Nossa alma divaga por caminhos suburbanos, entra em estadas vicinais e
desemboca em atoleiros atrás de um sorriso, uma voz, um detalhe que nos
impressiona.
Feronômios? É possível, talvez sejamos compatíveis com determinados
odores especiais, em escala não percebida pelo olfato habitual. Isto explicaria
parte da questão.
Mas e a paixão virtual? A capacidade de se envolver amorosamente,
através de relações micro a micro ou telefônicas, sem que haja a menor
probabilidade de viagens feronômicas? O que leva as pessoas (e tenho conhecido
muitas, homens e mulheres) a se envolver, não apenas afetivamente, não apenas
platonicamente, mas eroticamente, passionalmente, com outras que nunca viu?
Uma
explicação possível e lógica seria uma volta à adolescência. Na Net somos todos
atemporais, sem idade, a virtualidade nos permite escolher o rosto e as
características que desejamos. Nada mais natural do que o desejo de
retomar um período de descompromisso, em
que o amor, ele mesmo, era assim, uma viagem narcísica, um perambular pelas
emoções easy rider, um caminho Gideano do prazer pelo prazer. Neste sentido a
explosão passional virtual seria a redescoberta de um erotismo juvenil ainda
centrado no próprio umbigo.
Outra explicação mais óbvia seria a da solidão. Neste mundo em que as
pessoas convivem, mas não compartilham, em que solidões a dois, três e quatro
são freqüentes e repetidas, a Net é um paraíso de iguais que se encontram,
trocam os sonhos reprimidos do travesseiro pelos mais excitantes da tela, onde
existe uma respiração e uma carne do outro lado, não apenas espuma e macela,
mas bocas imaginadas e sexos sugeridos.
Masturbação a dois, é verdade, volta ao eros primitivo em que o objeto
de amor era proibido e distante ou
próximo e semelhante.
Mas existe outra explicação mais romântica e menos científica, uma
explicação que ultrapassa a mera condição do humano biológico ou psicológico –
a fantasia imbatível.
De nenhuma outra maneira o amor pode ser mais perfeito, sem falhas,
completo e absoluto do que na vida virtual. Porque é não existente no real. O
real é sempre partido, incompleto, falho. O sexo virtual, como a bailarina do
Chico, não tem espinhas, chulé ou estrias. Não tem imperfeições nem desenganos.
É sempre iluminado no seu palco principal - a imaginação que tudo pode.
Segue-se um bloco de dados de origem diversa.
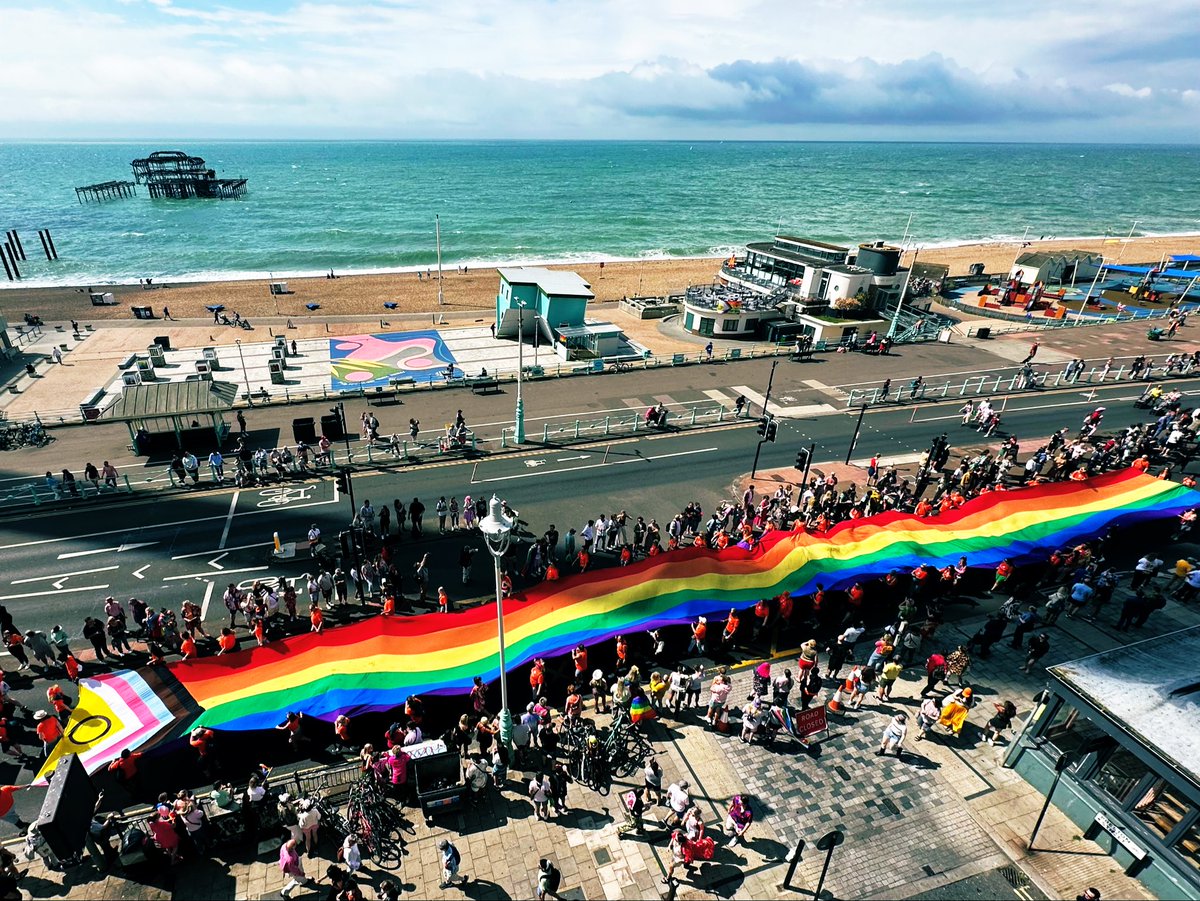 Steveontour1's tweet image. Suns out #Prides out #BrightonPride #Pride2024 #Brighton @ThePhotoHour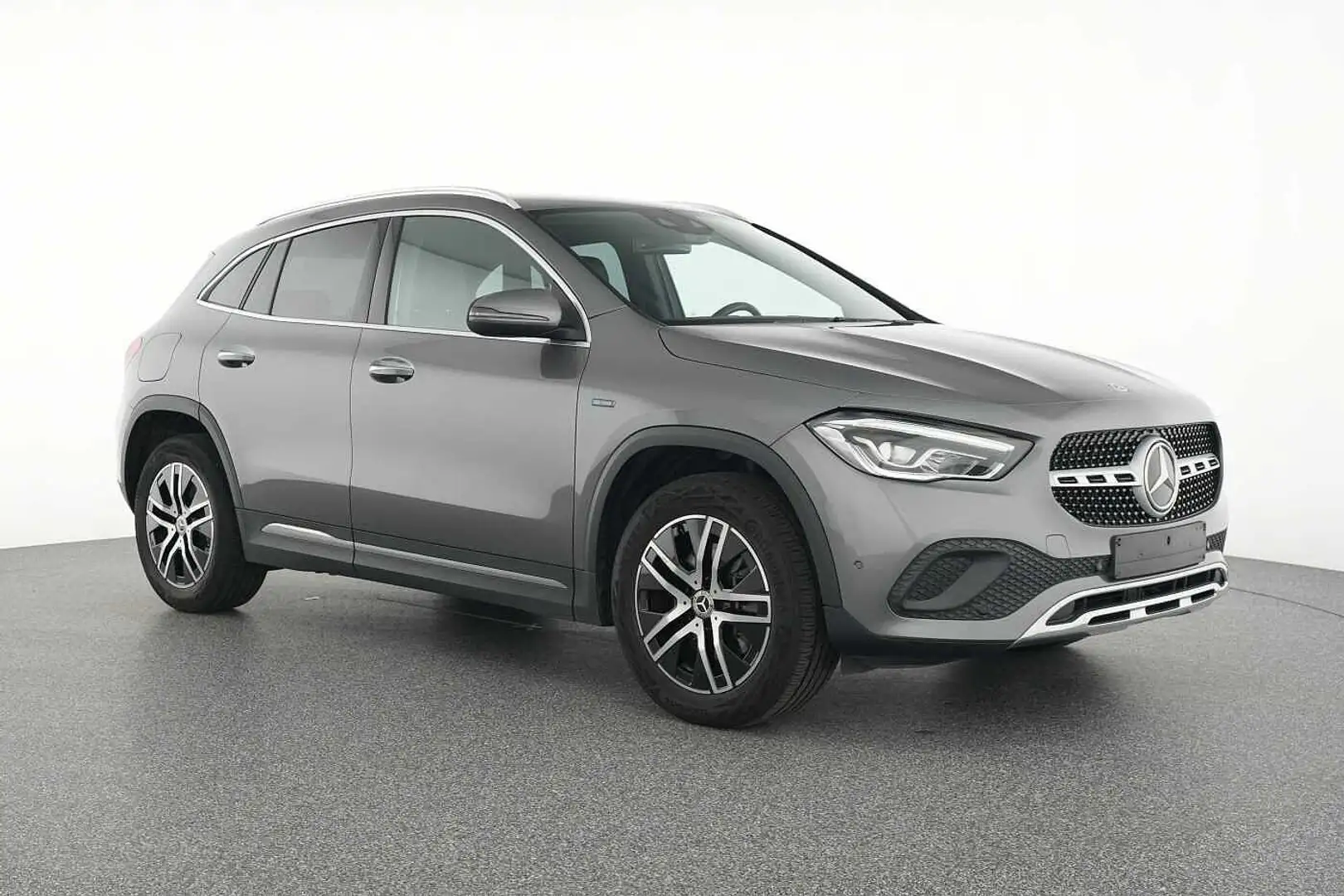 Mercedes-Benz GLA 250 e Hybrid Luxury Line - Attelage Grijs - 2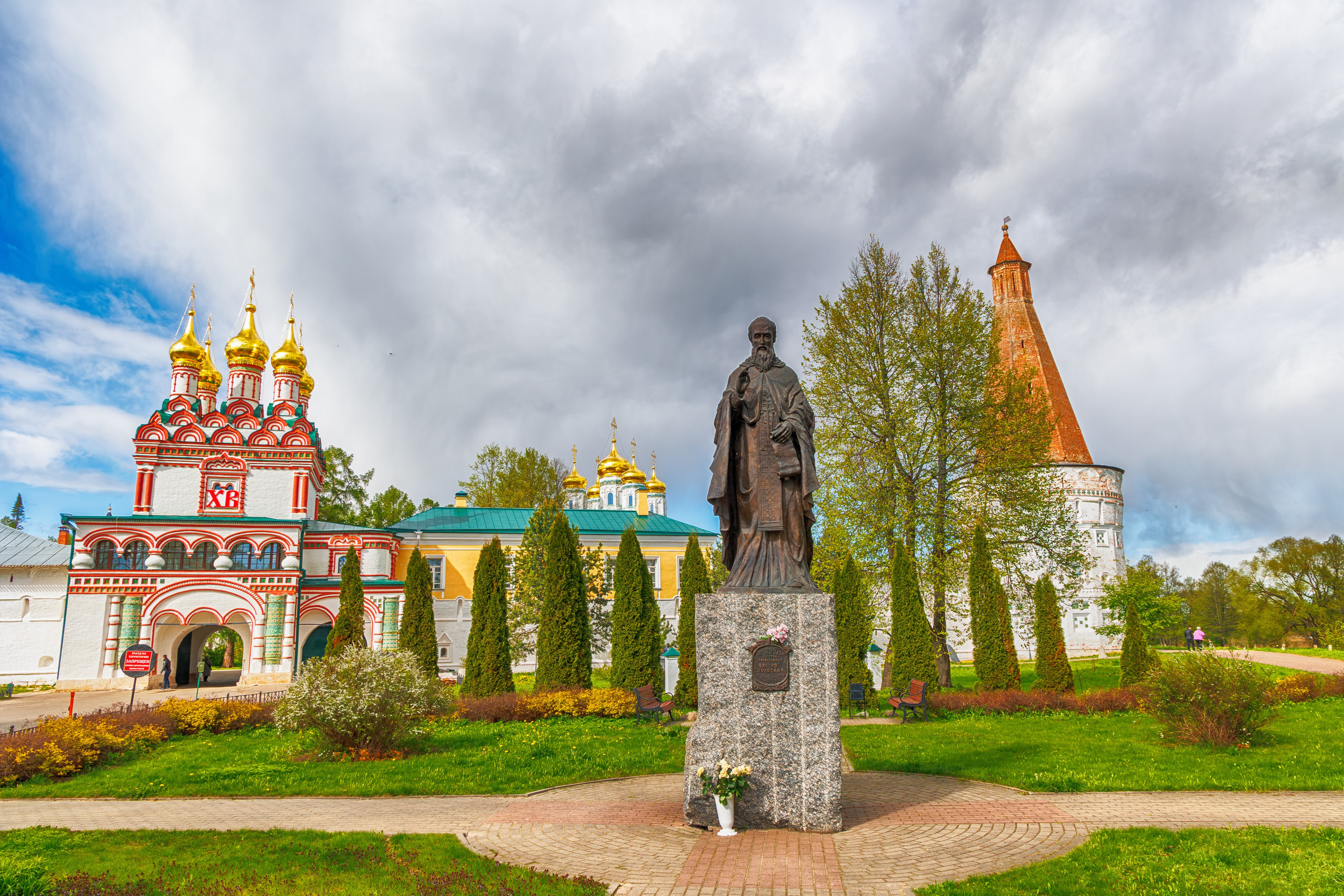 Путешествие во времени: Иосифо-Волоцкий монастырь. 1000 куполов России, фотопроект Вадима Квятковского и Надежды Ельцовой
Nele somos o que desejamos e amamos
a quem criamos. Não uma pessoa real, mas um personagem, uma divindade do nosso
olimpo particular. Por isto a força absurda das relações que através deste
não-limite se criam, por isto a carga poderosa de energia descarregada através
dos bites eróticos.
E pela mesma característica, os
amores virtuais não são duradouros – ou se transformam em amores reais, numa
outra instância de relacionamento. (o que raramente acontece, justamente porque
competir com a fantasia é difícil) ou se desfazem como a espuma dos sonhos,
transformados em texto já lido e que perdeu o sabor da novidade. Ficará a
lembrança de algo inexplicavelmente forte, um raio sobre a planície, deixando
apenas o eco cada vez mais longínquo dos trovões.
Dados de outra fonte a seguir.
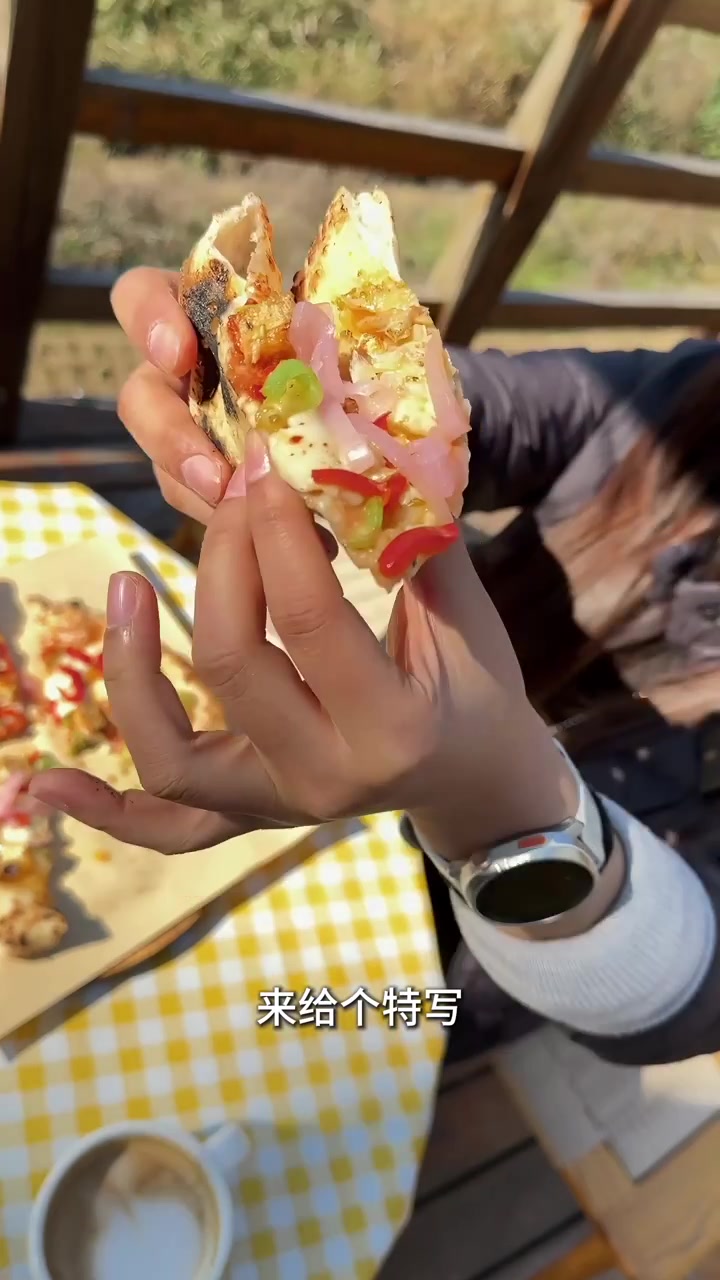 博闻Vlog丨和“老内”卓文一起做臭鳜鱼披萨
Amores virtuais são uma das faces da infinita capacidade do homem de
criar e acreditar no que cria.
3 comentários:
É dá para contrariar? Observação, perspicácia, análise e reflexão nortearam esse artigo. Já vivi situação assim na Internet e foi "barra"... Aplausos para Maria Helena. Beijos, Tom. __ Kathleen
Ela pegou bem na veia, né? Obrigado pela visita ao meu humilde recanto, Kathleen Lessa.
Realmente por se criar o que se quiser no virtual é que tais amores são tão intensos. Belo artigo.